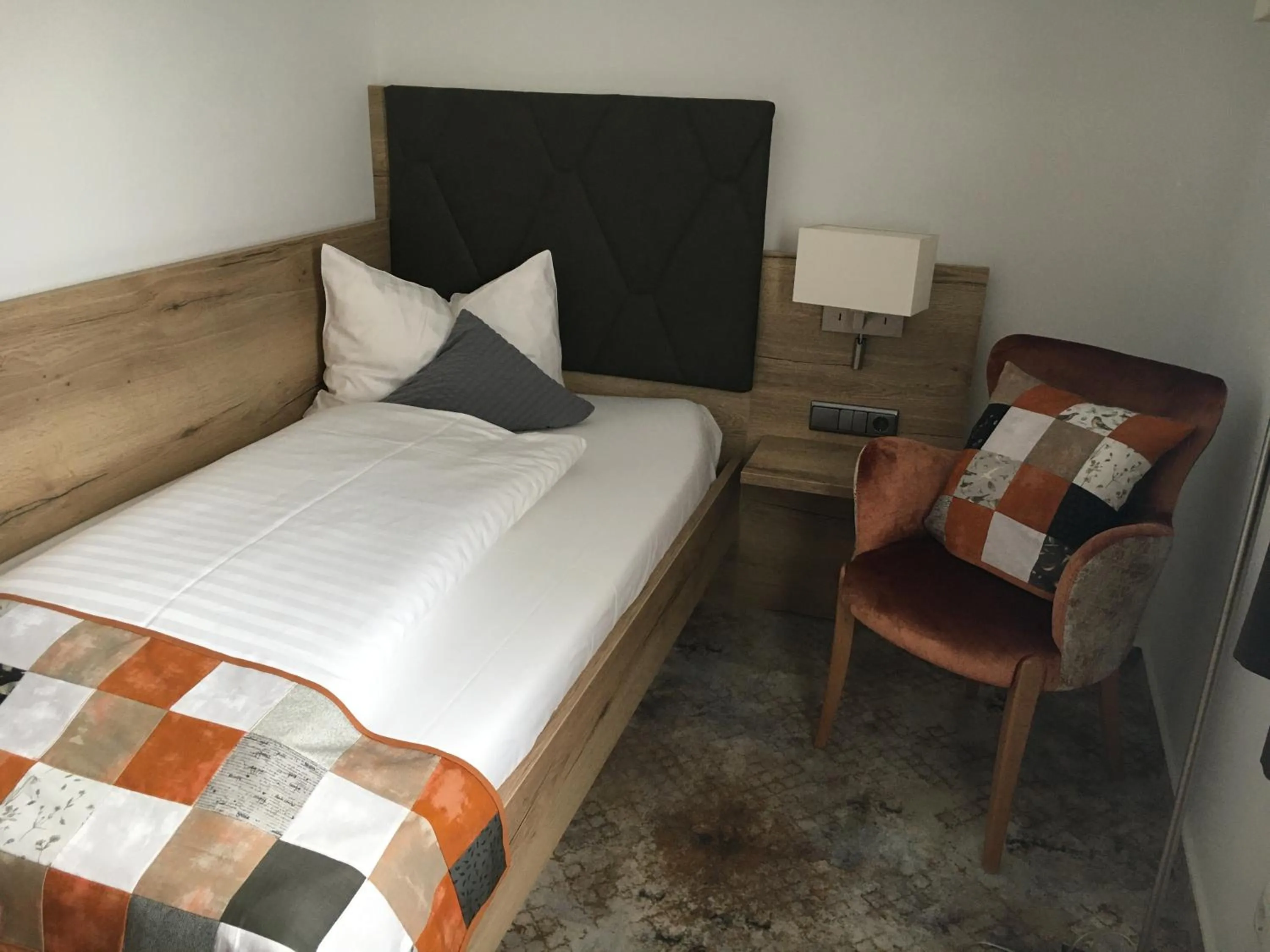 Photo of the whole room, Bed in Stadt-Gut-Hotels - Das Kleine Hotel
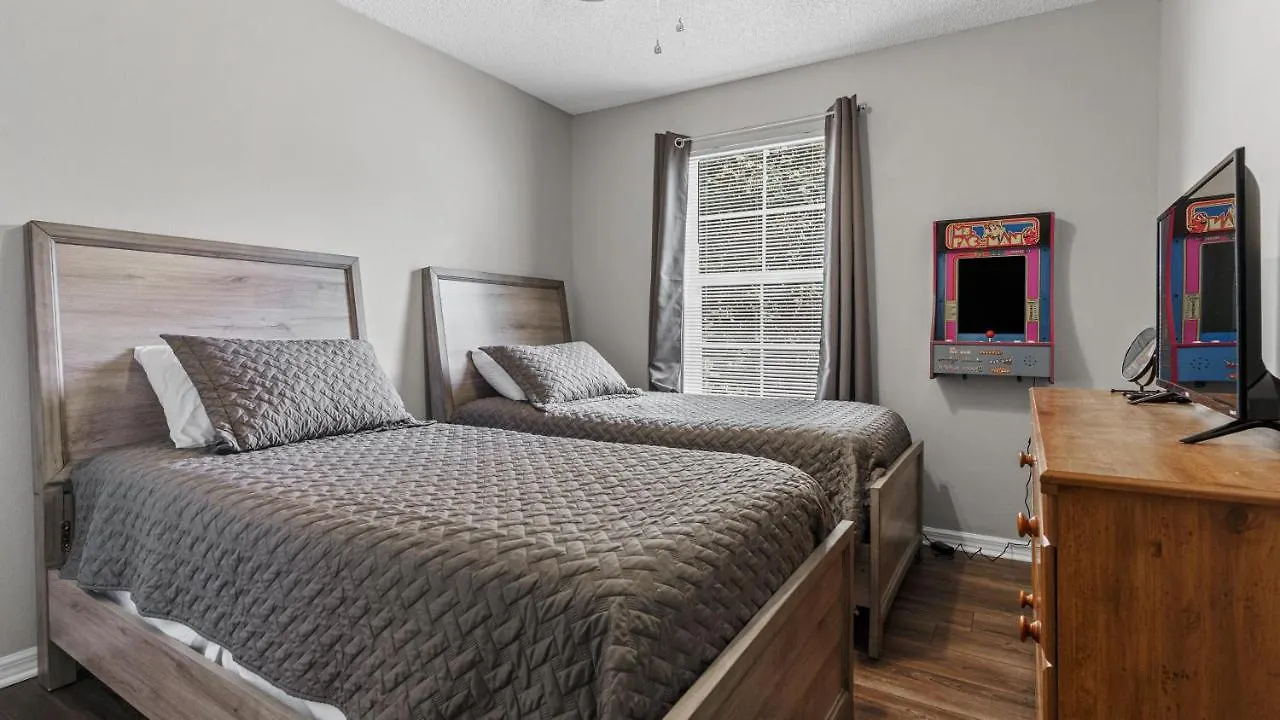 Bsv8445 Beautiful 3 Bd Ba Townhome With Balcony In Emerald Island *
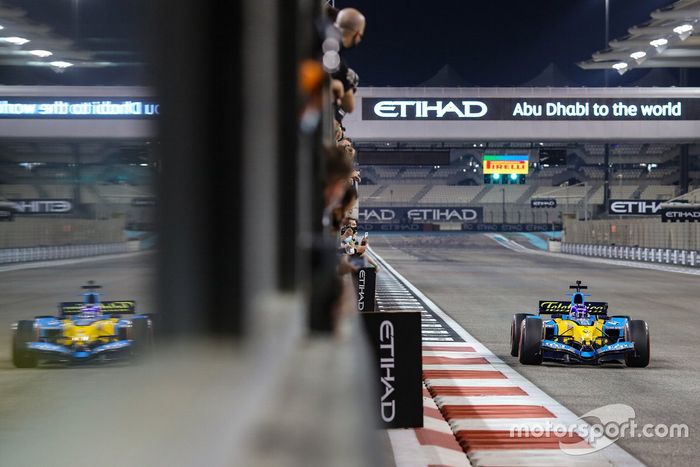 Fernando Alonso, Renault F1 Team, con el Renault R25 de 2005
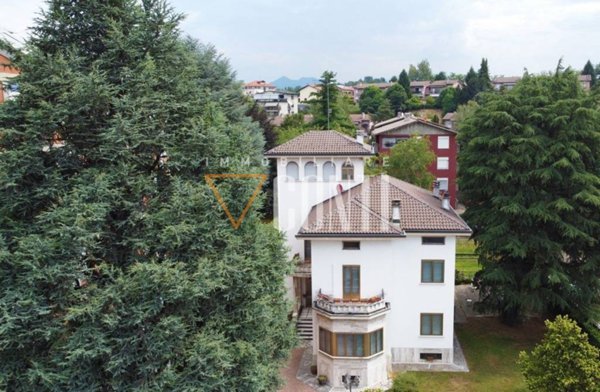 casa indipendente in vendita a Varese in zona Viale Belforte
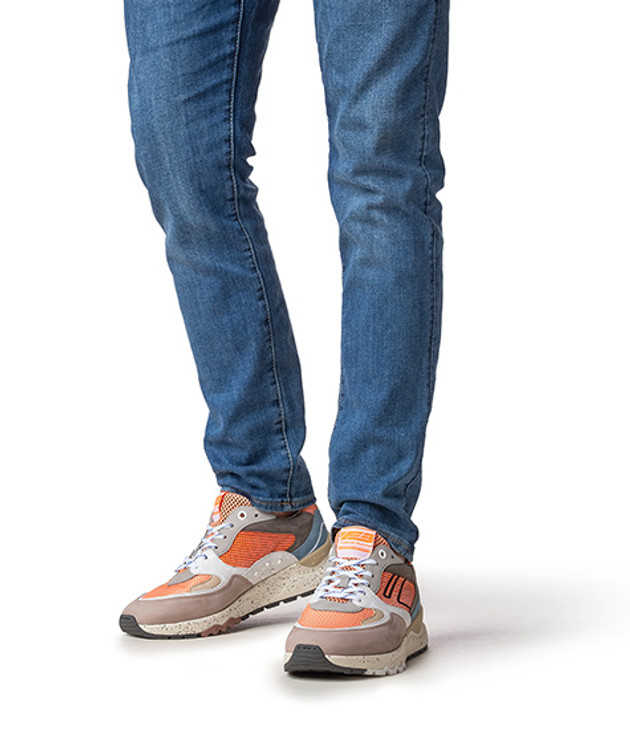 Floris van Bommel De Treener sneaker in orange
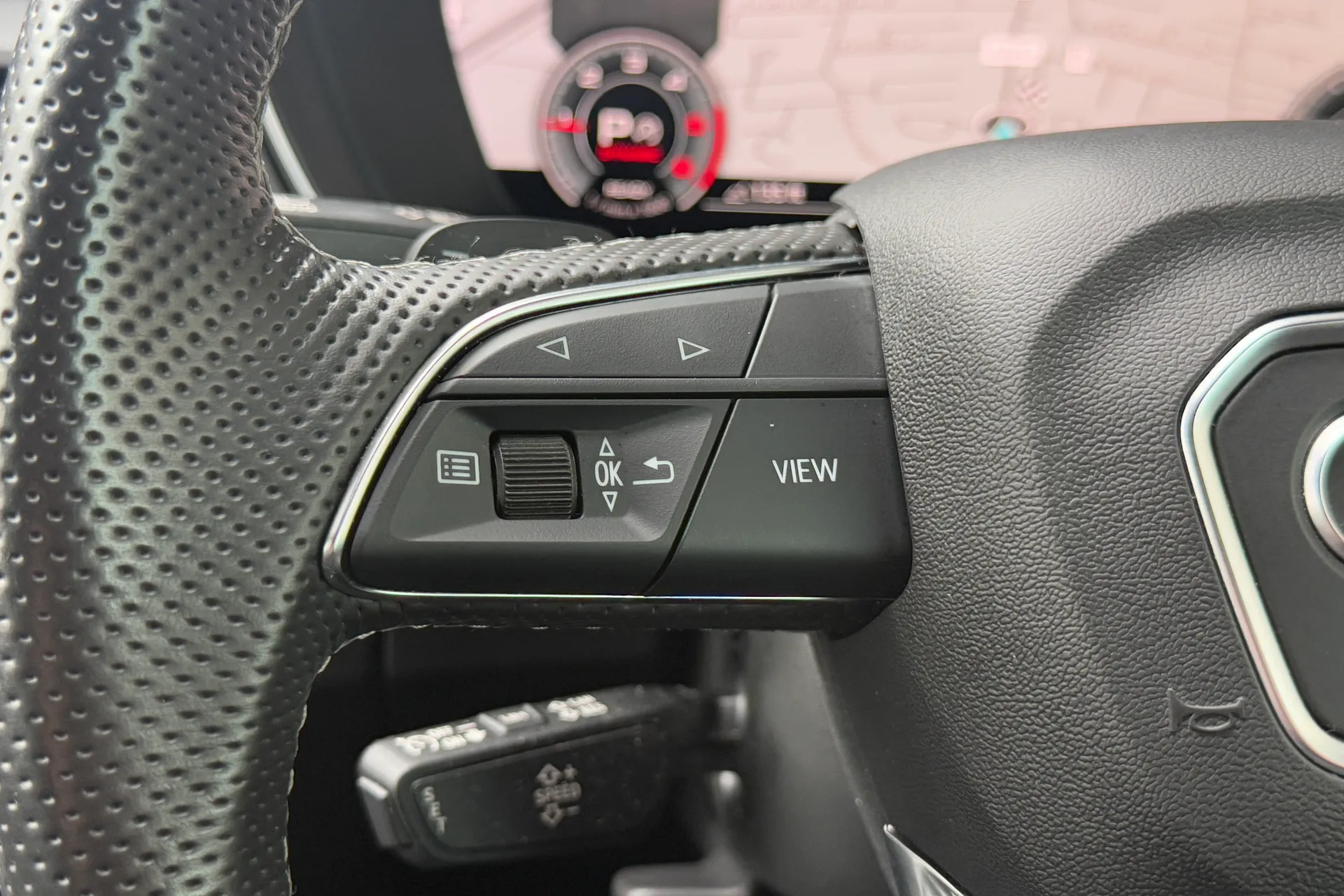 Audi Q5 thumbnail image number 13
-*-*-
Problem statement.
Copy nothing outside the span: please output the lines from the one with "Fernando Alonso, Renault" through the end of the entries above, and skip the pictures.

Your solution.
 Fernando Alonso, Renault F1 Team, con el Renault R25 de 2005
 casa indipendente in vendita a Varese in zona Viale Belforte
 Floris van Bommel De Treener sneaker in orange
 Audi Q5 thumbnail image number 13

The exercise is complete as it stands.